C. Regression Analysis

Time series regression is an important part of time series analysis. There are many ways to incorporate time series data into regression analysis, but they generally involve example shifts, decay, and so forth to estimate the impact of certain regressors.

C1. dynlm / ardl

Distributed lag models (error correction models) are a core component of doing time series analysis. They are many instances where we want to regress an outcome variable at the current time against values of various regressors at current and previous times. dynlm and ardl (wrapper for dynlm) are solid for this type of analysis.

Here is a brief example of how dynlm can be utilized. In what follows, I have created a new variable and lagged it by one day. So the model attempts to regress incidents or reported theft based on the weather from the previous day.

library(dynlm)
mydat = dat[primary_type=="THEFT", .N, by=date2][order(date2)]
mydat[, weather := sample(c(20:90), dim(mydat), replace=TRUE)]
mydat[, weather_lag := shift(weather, 1, type = 'lag')]
mod = dynlm(N ~ L(weather), data = mydat2)
summary(mod)

C2. dynsim

Another common task when working with distributed lag models involves using dynamic simulations to understand estimated outcomes in different scenarios. dynsim provides a coherent solution for simulation and visualization of those estimated values of the target variable.

Here is a brief example of how dynlm can be utilized. In what follows, I have created a new variable and lagged it by one day. I’ve used the dynsim to product two dynamic simulations and plotted them.

library(dynsim)
mydat3 = mydat[1:10000]
mod = lm(N ~ weather_lag, data = mydat3)
Scen1 <- data.frame(weather_lag = min(mydat2$weather_lag, na.rm=T))
Scen2 <- data.frame(weather_lag = max(mydat2$weather_lag, na.rm=T))
ScenComb <- list(Scen1, Scen2)
Sim1 <- dynsim(obj = mod, ldv = 'weather_lag', scen = ScenComb, n = 20)
dynsimGG(Sim1)

D. Forecasting

When most people talk about time series analysis, they are talking about forecasting. This is one area where R is loaded with great tools. From standard moving average models to complex gradient boost models, R has many tools designed specifically to forecast from time series data.

D1. forecast

The forecast package is the most used package in R for time series forecasting. It contains functions for performing decomposition and forecasting with exponential smoothing, arima, moving average models, and so forth. For aggregated data that is fairly high dimensional, one of the techniques present in this package should provide an adaquete forecasting model given that the assumptions hold.

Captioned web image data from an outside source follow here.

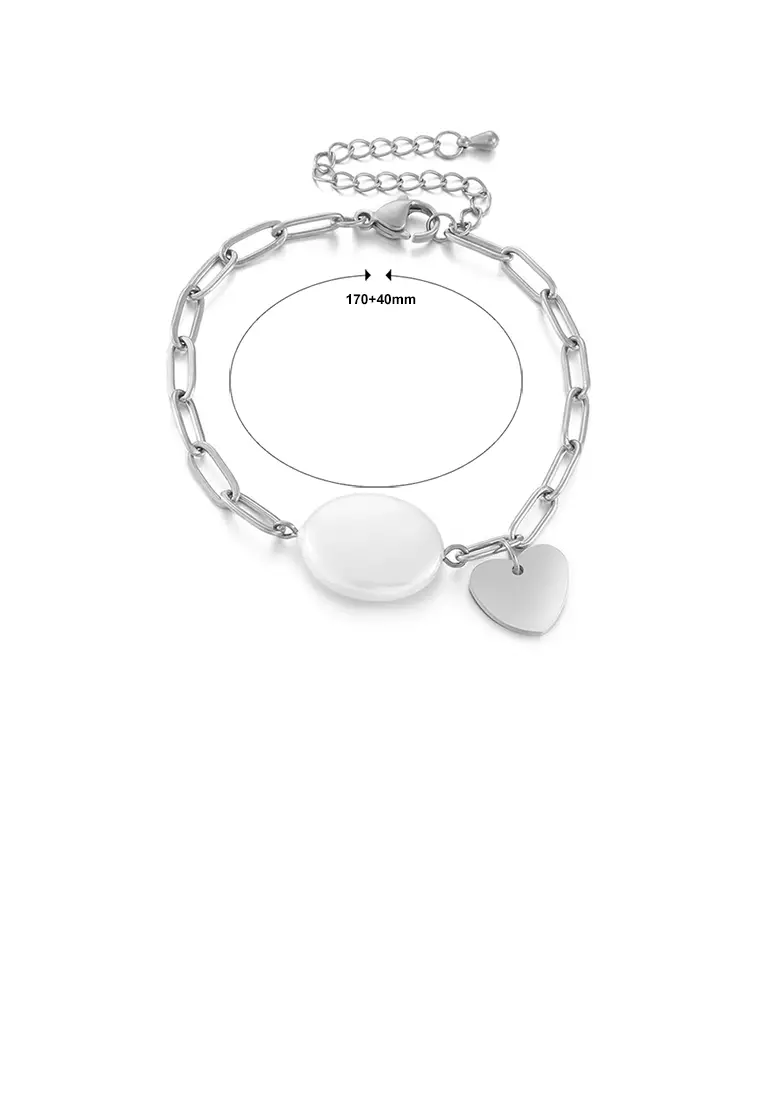 Simple Temperament Shell Round Heart-shaped 316L Stainless Steel Bracelet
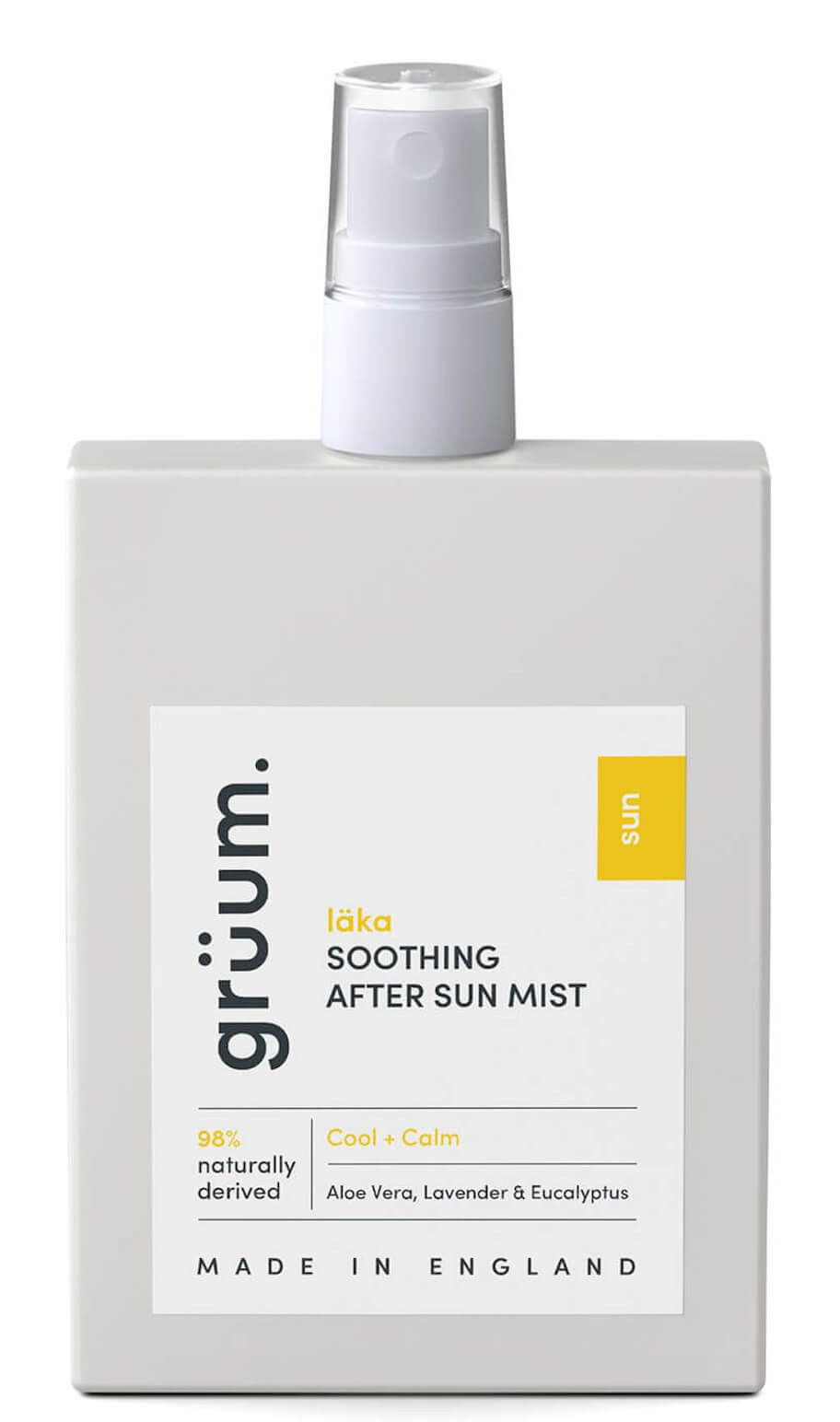 Full ingredients list grüum Läka Soothing After Sun Mist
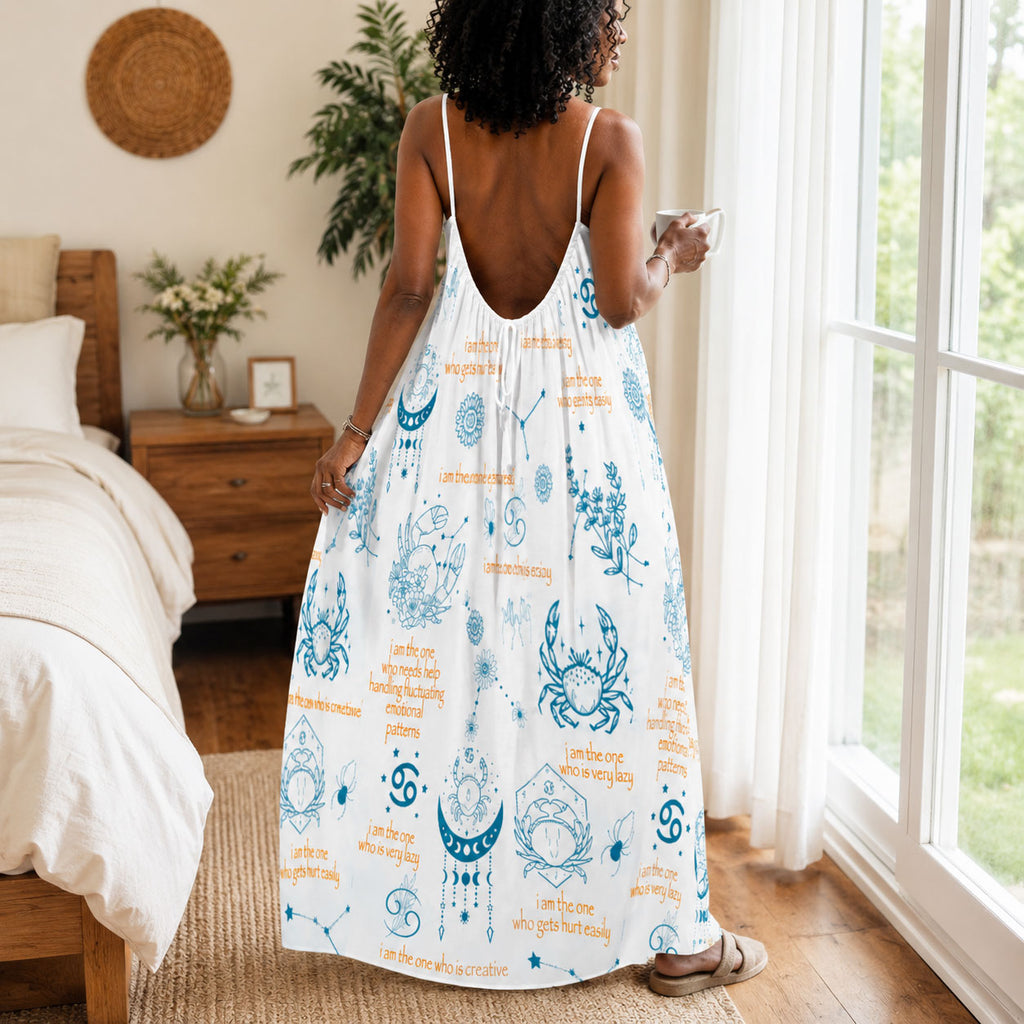 12 Zodiac Signs - Personalized Backless Cami Maxi Dress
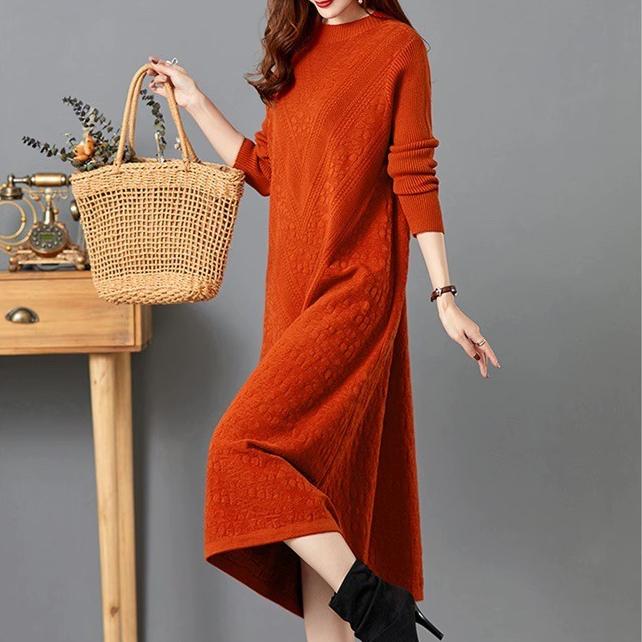 Plus-size Sweater Dress for Women in Autumn and Winter Long Knee-length Knitted Sweater Loose Solid Color Pullover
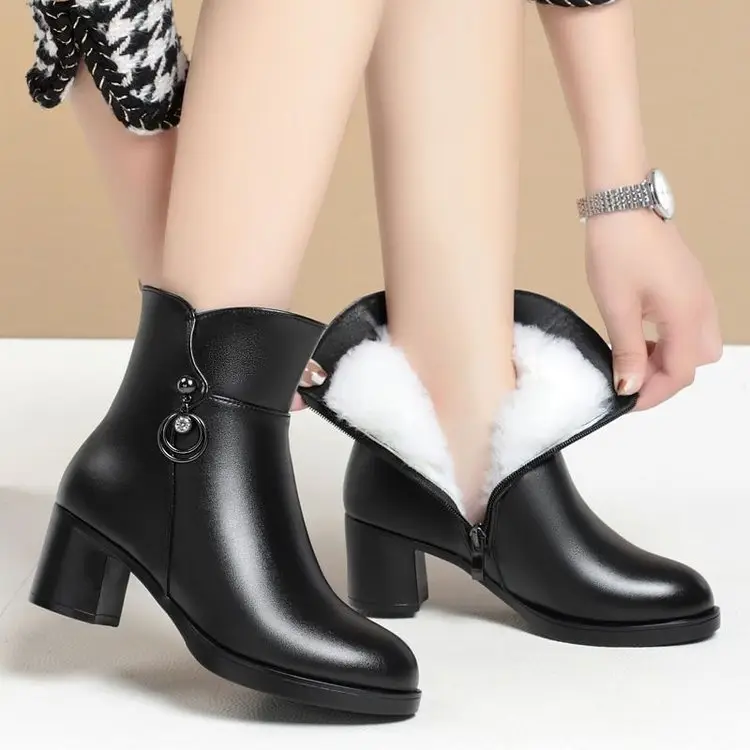 Women's Fleece Lined Faux Leather Boots with Thick Heel — feature 3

Here is a quick example of how to use the auto.arima function in R. In general, automatic forecasting tools should be used with caution, but it is a good place to explore time series data.

library(forecast)
mydat = dat[primary_type=="THEFT", .N, by=date2][order(date2)]
fit = auto.arima(mydat[,.(N)])
pred = forecast(fit, 200)
plot(pred)

D2. smooth

The smooth package provides functions to perform even more variations of exponential smoothing, moving average models, and various seasonal arima techniques. The smooth and forecast package are usually more than adaquete for most forecasting problems that pertain to high dimensional data.

Here is a basic example that uses the automatic complex exponential smoothing function:

library(smooth)
mydat = dat[primary_type=="THEFT", .N, by=date2][order(date2)]
fit = auto.ces(mydat[,N])
pred = forecast(fit, 200)
plot(pred)

So for those of you getting introduced to the R programming language, these are a list extremely useful packages for time series analysis that you will to get some exposure.